# MNPS Practical Evaluation Notebook (Data‑Science Style)

**Purpose:** Evaluate model outputs with simple accuracy gates and cost‑of‑error analysis instead of statistical inference.

- **Keep Section 4 as-is** (your batch inference that writes predictions to CSV).
- **Revised Sections 1–3**: configuration and helpers for the practical evaluation.
- **New Sections 5–7**: error thresholds and cost‑of‑error analysis for Major/Minor role groupings.

---



## 1) Overview & Acceptance Gates (Engineering Style)

We use clear, operational acceptance gates based on what an experienced HR job classification specialist would consider acceptable:

- **Major Role Grouping** acceptable error rate: **≤ 2%** (e.g., Analyst vs. Manager misgroup).
- **Minor Role Grouping** acceptable error rate: **≤ 5%** (e.g., I vs II vs III vs Lead).
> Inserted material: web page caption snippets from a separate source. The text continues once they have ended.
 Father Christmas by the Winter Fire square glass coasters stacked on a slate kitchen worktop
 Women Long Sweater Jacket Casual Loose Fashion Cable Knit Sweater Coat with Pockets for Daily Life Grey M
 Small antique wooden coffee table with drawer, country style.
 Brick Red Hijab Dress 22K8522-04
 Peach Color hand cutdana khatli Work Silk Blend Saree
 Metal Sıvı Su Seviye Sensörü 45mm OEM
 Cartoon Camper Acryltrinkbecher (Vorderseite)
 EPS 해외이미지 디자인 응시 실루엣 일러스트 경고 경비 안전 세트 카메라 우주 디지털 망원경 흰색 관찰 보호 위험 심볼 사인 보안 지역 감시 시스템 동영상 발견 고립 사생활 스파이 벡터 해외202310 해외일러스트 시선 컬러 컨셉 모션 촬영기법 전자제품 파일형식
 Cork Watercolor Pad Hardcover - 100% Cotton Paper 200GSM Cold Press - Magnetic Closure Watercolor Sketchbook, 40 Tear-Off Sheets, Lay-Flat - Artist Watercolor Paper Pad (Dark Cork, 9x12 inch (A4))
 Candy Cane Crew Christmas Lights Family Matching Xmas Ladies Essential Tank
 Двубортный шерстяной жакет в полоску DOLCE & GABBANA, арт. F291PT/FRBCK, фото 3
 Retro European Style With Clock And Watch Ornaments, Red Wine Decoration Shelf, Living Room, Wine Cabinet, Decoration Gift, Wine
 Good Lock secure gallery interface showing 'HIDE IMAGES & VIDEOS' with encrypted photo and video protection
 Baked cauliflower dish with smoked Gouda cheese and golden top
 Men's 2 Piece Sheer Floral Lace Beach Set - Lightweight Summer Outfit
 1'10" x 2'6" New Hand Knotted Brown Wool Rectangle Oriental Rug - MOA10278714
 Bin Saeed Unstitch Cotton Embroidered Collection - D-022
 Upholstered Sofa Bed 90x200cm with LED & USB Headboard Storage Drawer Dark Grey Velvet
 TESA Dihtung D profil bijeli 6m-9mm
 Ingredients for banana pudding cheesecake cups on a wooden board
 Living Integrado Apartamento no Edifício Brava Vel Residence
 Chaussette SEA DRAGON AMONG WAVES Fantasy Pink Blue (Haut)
We also quantify **severity** via a **cost‑of‑error** analysis:
- For **Major** roles, the cost of an error is the **absolute difference** between the annual values mapped to the *true* vs the *predicted* group.
- For **Minor** roles, the cost of an error is the **absolute difference** between the values mapped to the *true* vs the *predicted* level.

> Rationale: Misclassifying across groups/levels can create pay, equity, and staffing impacts. Using the pay deltas captures the seriousness of the error.



## 2) Config & File Paths

Set your file paths and constants here. **Do not** change class labels unless your data uses a different spelling; these are the canonical labels used in this evaluation.


In [None]:

# ==== Required file paths (EDIT as needed) ====
PREDICTIONS_CSV = "data/batch_predictions.csv"  # produced by Section 4 (unchanged)

# ==== Class label vocabularies ====
MAJOR_CLASSES = ["Technician", "Specialist", "Analyst", "Manager", "Coordinator", "Director", "Other"]
MINOR_CLASSES = ["I", "II", "III", "Lead"]

# ==== Acceptance gates ====
ACCEPTABLE_MAJOR_ERROR_RATE = 0.02  # ≤ 2% errors
ACCEPTABLE_MINOR_ERROR_RATE = 0.05  # ≤ 5% errors

# ==== Cost maps (annual $) ====
COST_MAP_MAJOR = {
    "Technician": 54225.00,
    "Specialist": 68765.00,
    "Analyst":   78208.00,
    "Manager":  103904.00,
    "Coordinator": 123133.00,
    "Director": 146246.00,
    "Other":    0.00,   # If "Other" appears, you can adjust as needed.
}

COST_MAP_MINOR = {
    "I":    4405.00,
    "II":   3366.94,
    "III":  6800.00,
    "Lead": 6800.00,
}

# ==== Column names expected in predictions CSV ====
# Adjust here if your Section 4 output uses different names.
COL_RECORD_ID   = "record_id"
COL_TRUE_MAJOR  = "true_major_role"
COL_PRED_MAJOR  = "pred_major_role"
COL_TRUE_MINOR  = "true_minor_role"
COL_PRED_MINOR  = "pred_minor_role"

# ==== Output directory ====
OUTPUT_DIR = "artifacts_eval_practical"



## 3) Helpers

Utility functions for loading data, validating columns, computing confusion matrices, error rates, and cost‑of‑error metrics.


In [None]:

import os
import math
import json
import pandas as pd
from pathlib import Path

Path(OUTPUT_DIR).mkdir(parents=True, exist_ok=True)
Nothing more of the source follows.